Past Events

Motivic Euler characteristics and the Motivic Segal-Becker theorem (Remotely)

Roy Joshua (The Ohio State University)

A well-known and very useful result in algebraic topology is the statement that the Euler characteristic of G/N(T) in singular cohomology is 1, where G is a compact Lie group and N(T) is the normalizer of a maximal torus. In the presence of a transfer map as constructed by Becker and Gottlieb the above result shows that in any generalized cohomology theory the classifying space of G is a split summand of the classifying space of N(T).

Based on this, Fabien Morel made a conjecture that an analogous motivic Euler characteristic for a split reductive group G over a field k and N(T) the normalizer of a split maximal torus is 1. We will sketch a proof of this conjecture in the first part of the talk under the assumption the base field has a square root of -1. In the second part of the talk we will apply this result to prove what we call a motivic Segal-Becker theorem for Algebraic K-Theory.

All of this is based on joint work with Gunnar Carlsson and Pablo Pelaez.

Invertibility in Category Representations

Sanjeevi Krishnan (The Ohio State University)

Slides

It is often desirable to equip a representation of a poset or more general small category with inner products on the relevant vector spaces so that the linear maps are partial isometries, maps which restrict to isometries on orthogonal complements of kernels.

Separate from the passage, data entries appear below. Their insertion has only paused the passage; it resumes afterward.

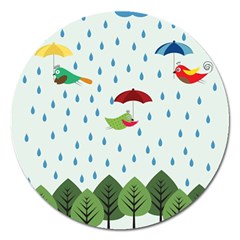 Birds In The Rain Magnet 5  (round) by justynapszczolka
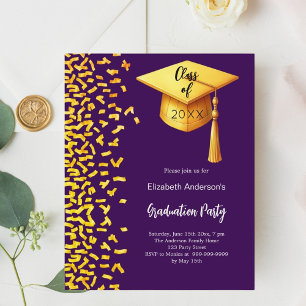 Papier Invitation de fête de fin d'études confettis viole
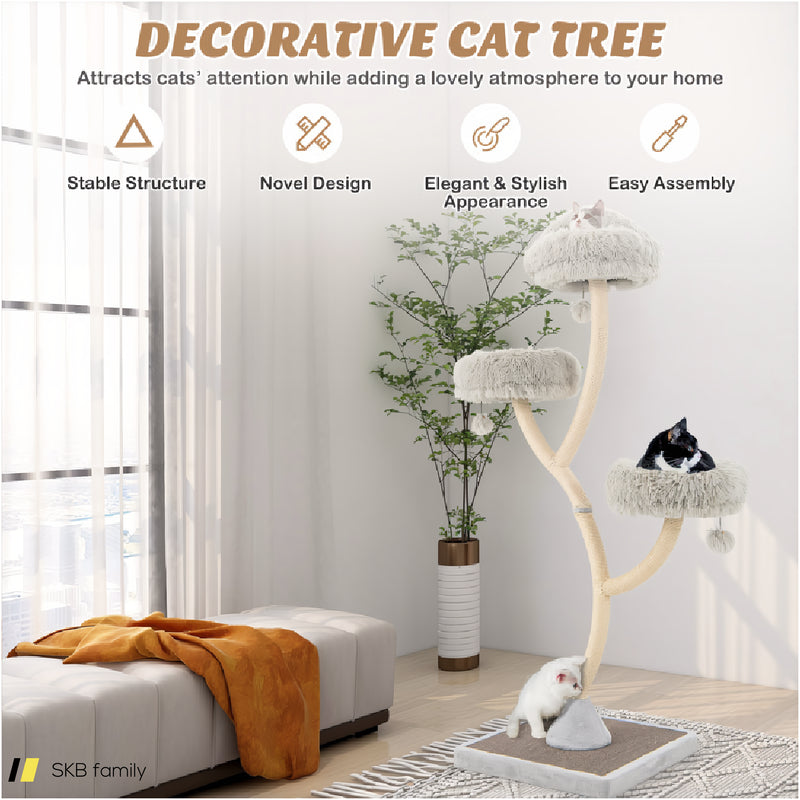 70 Inch Tall Cat Tree 4-Layer Cat Tower With 3 Perches And Dangling Balls 240615-229357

This sort of inner product structure can be used, for example, to simply representations of interest in multidimensional persistence, circuit design, and network coding. The existence of suitable inner product structure is much more difficult to ascertain in the general categorical setting than in the group setting. However, we can characterize the existence of a slightly weaker inner product structure as factorizability of the representation through a special dagger category called an inverse category. This factorizability admits a coordinate-free, numerical characterization that is decidable for finite categories. We give some concrete applications in circuit design. Time-permitting, we will discuss some connections between this work and a nascent theory (by others) of principle S-bundles for S an inverse semigroup. This talk is joint work with Crichton Ogle.

Limits of Dense Simplicial Complexes

Santiago Segarra (Rice University)

Slides

We develop a theory of limits for sequences of dense abstract simplicial complexes, where a sequence is considered convergent if its homomorphism densities converge. The limiting objects are represented by stacks of measurable [0,1]-valued functions on unit cubes of increasing dimension, each corresponding to a dimension of the abstract simplicial complex. We show that convergence in homomorphism density implies convergence in a cut-metric, and vice versa, as well as showing that simplicial complexes sampled from the limit objects closely resemble its structure. Applying this framework, we also partially characterize the convergence of nonuniform hypergraphs.

Coarse coherence of metric spaces and groups

Boris Goldfarb (State University of New York - Albany)

I will introduce properties of metric spaces and, specifically, finitely generated groups with word metrics which are called “coarse coherence” and “coarse regular coherence”. They are geometric counterparts of the classical notion of coherence in homological algebra and the regular coherence property of groups defined and studied by Waldhausen. The properties make sense in the general context of coarse metric geometry and are coarse invariants of spaces and groups. They are in fact a weakening of Waldhausen's regular coherence. In a joint project with Gunnar Carlsson we show they can be used as effectively in K-theory computations. The family of all coarsely regular coherent groups is a very large class of groups containing all groups with straight finite decomposition complexity. This includes almost all known fundamental groups of aspherical manifolds. The new framework allows to prove structural results for the family by developing permanence properties of coarse coherence, a joint work with Jonathan Grossman.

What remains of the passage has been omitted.